When I am on maternity leave, I usually like to do something to stimulate my brain, besides toddler timeouts, goo goo ga ga, and tummy time.  This time, having 2 kids, I have taken a french course one evening a week to learn the language, since I live in a bilingual city.  A lot of doors are closed to you if you do not speak French.  Besides, I have a lot of french-speaking friends, and I would like to communicate to them and their children.  Especially since they want their children to speak predominantly french.

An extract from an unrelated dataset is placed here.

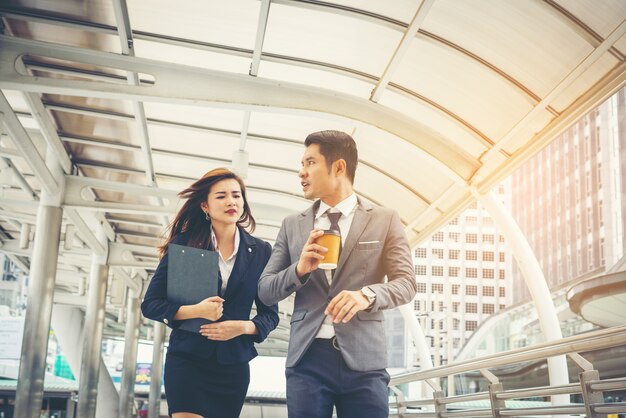 Les gens d&#39;affaires marchent à travers le bureau du passage. Souriant l&#39;un à l&#39;autre.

Well, let me just say that one week into the course I thought, “What the *&^% did I get myself into?”.  The baby refused to take a bottle, I am so darn tired by the evening I am not even thinking clearly, and homework?  You have got to be kidding, right?  How do I have time for homework?

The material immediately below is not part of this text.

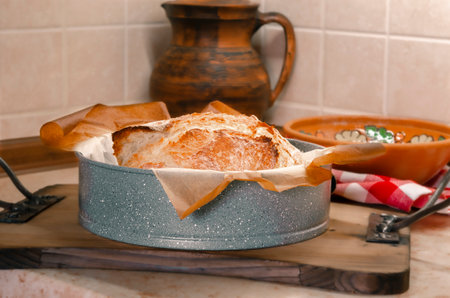 Homemade handmade craft bread on a wooden boardの写真素材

The only chance I get to do homework is in the evening once the kiddies go to bed and by that time my brain is the consistency of swiss cheese.  Not to mention I had an oral presentation to do, in french.  Yikes!  I also have a final exam coming up worth at least 40% of my mark.  Unfortunately, I wasn’t able to cancel without losing money so I decided to stick with it.  I am actually glad that I did because I am understanding more, but it wasn’t easy.  Everytime I would call home, the baby would be crying and I would feel so guilty.  My poor husband, struggling with two kids at bedtime, the busiest time of the day.

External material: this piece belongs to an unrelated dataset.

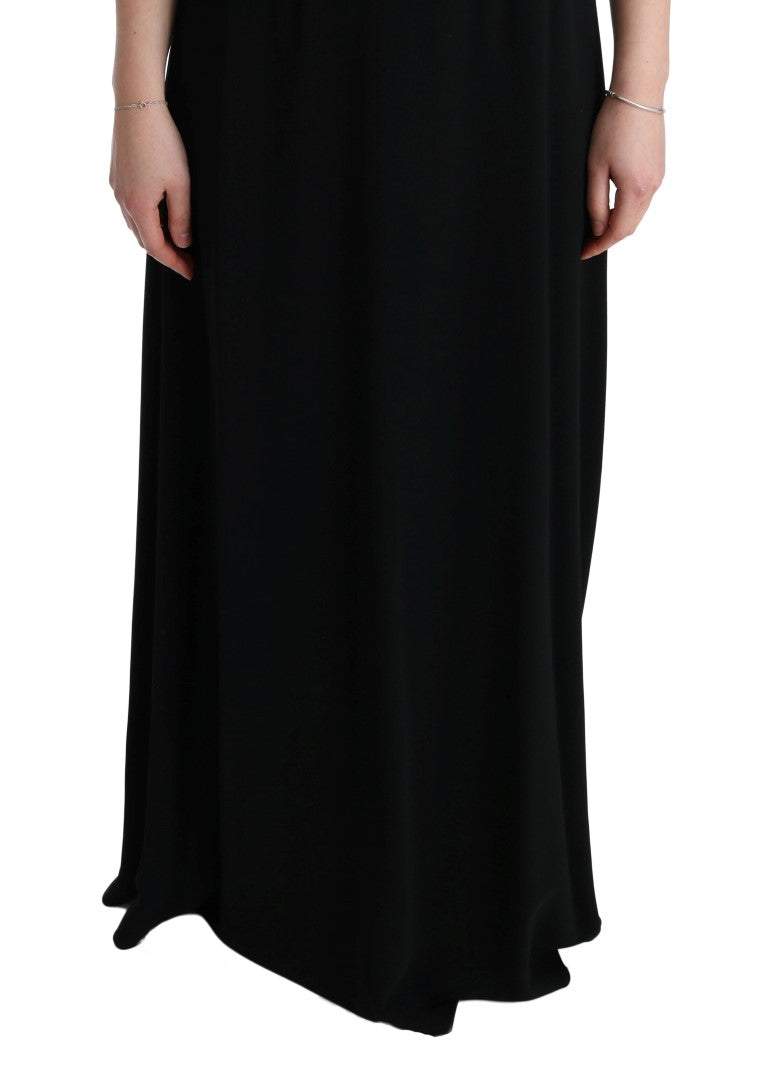 Long black dress with ruffles on sleeves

All of this anguish really led me to think about moms that actually go to post secondary education when the have kids.  Not to mention the single moms that do this.  It leaves me to ask,  HOW THE HECK DO YOU DO IT?  No, really….HOW DO YOU?  I can’t imagine!  It totally made me realize I wouldn’t be able to do it, so I have to commend those mommies who get out there and do it because it is probably one of the hardest things you will ever do.  You are burning your candle at both ends to provide a better life for you and your children.  Standing ovation!

Apr 9

A great way to get things for your kids is through garage sales, local thrift stores, or consignment stores.  You can get great toys for margins of the price, as well as clothes.  When your kids are young, as long as you can disinfect the toys, they don’t know that they aren’t new.  So I say, why spend the extra money?  Same with the clothing.  Half the time they just stain it anyway.  I have gotten some great brand name bargains for $1 or less at garage sales or thrift stores.  Besides, once they are pre-teens they are going to want everything brand new and name brand so you might as well save your pennies now.